The U.S. wearables industry is big business. According to the International Data Corp., sales of wearables in 2015 were up 171.6 percent over the previous year; CCS Insight reported that the wearable industries are valued at $15 billion in 2015 and estimated to be worth $25 billion by 2019.
This enormous market thrives by suggesting that teched-up accessories and clothing offer users access to better knowledge, health, and style. But the style and knowledge on offer is highly gendered. While a woman can gather information on athletic performance and basic biometrics just like her male counterpart, she’s more likely to hear from companies that wearables can up her fashion quotient, help her coordinate an outfit, and let her know a loved one is thinking about her or how well her newborn is sleeping. Women’s wearables, small market that they are, remain firmly entrenched in old gender norms that suggest what women want and need is beauty, love, protection, and motherhood.
While the market has moved toward a feminization of wearables giving us smaller sizes and more color, there is still very little out there that takes female physiology or traditionally feminized activity into account in a serious way. Step-counting devices like the Fitbit, which actually measures arm motion while walking, are known to undercount steps when you’re pushing a stroller, grocery cart, or carrying laundry. Mindfulness wearables like Spire suggest that women place the device on a bra band, but it’s hard to feel calm with a device vibrating your sternum.
Menstruation is a major part of many women’s lives and is the subject of much tracking for those who would like to predict fertility or prevent pregnancy, and can impact athletic performance, mood, and caloric intake. Despite this, devices that will integrate menstruation or hormonal information alongside athletic performance are rare and still require manual input. Devices that measure sleep, body temp, and heart rate could all be used to help with both hormonal and fertility tracking, but app developers have thus far kept athletic performance and bodily cycles separate. (The Leaf is a good example of an activity tracker that actually allows women to enter menstrual data via the app, and the new iPhone Health app recently rolled out this functionality.)

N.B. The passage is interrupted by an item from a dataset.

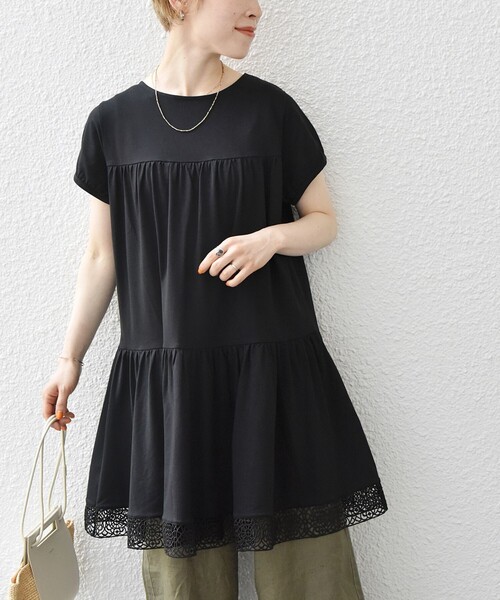 SHIPS any（シップス エニィ）の「SHIPS any:〈洗濯機可能〉ティアード レース チュニック Tシャツ（Tシャツ/カットソー・レディース・ブラック/ホワイト・ONE SIZE）」の2枚目の写真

In first-generation commercial wearables, most offerings fit a kind of Silicon Valley geek aesthetic—devices were clearly computational and often privileged function over form. Pebble’s fantastically successful first smartwatch was a chunky device modeled on a man’s wrist and more akin to a coach’s stopwatch than a fashion accessory. In the last 10 years, the volume and variety of the products has exploded. But the market remains dominated by devices that are largely targeted for and owned by men. According to one estimate, roughly 70 percent of Fitbit’s profits are accounted for by men.
The 2015 Saatchi and Saatchi Wellness analysis noted that while 95 percent of women are aware of wearable technology, only one-third of them have followed through with a purchase. (The report did not give comparable figures for men.) The wellness study suggests that wearable designers are missing the point with women: They don’t want to “spice up your relationship with a little competition” over steps, miles, or calories—as an earlier tagline from Jawbone suggested. Instead, the study argues that women want to be able to track the many layers of emotional, social and mental health, and wellbeing.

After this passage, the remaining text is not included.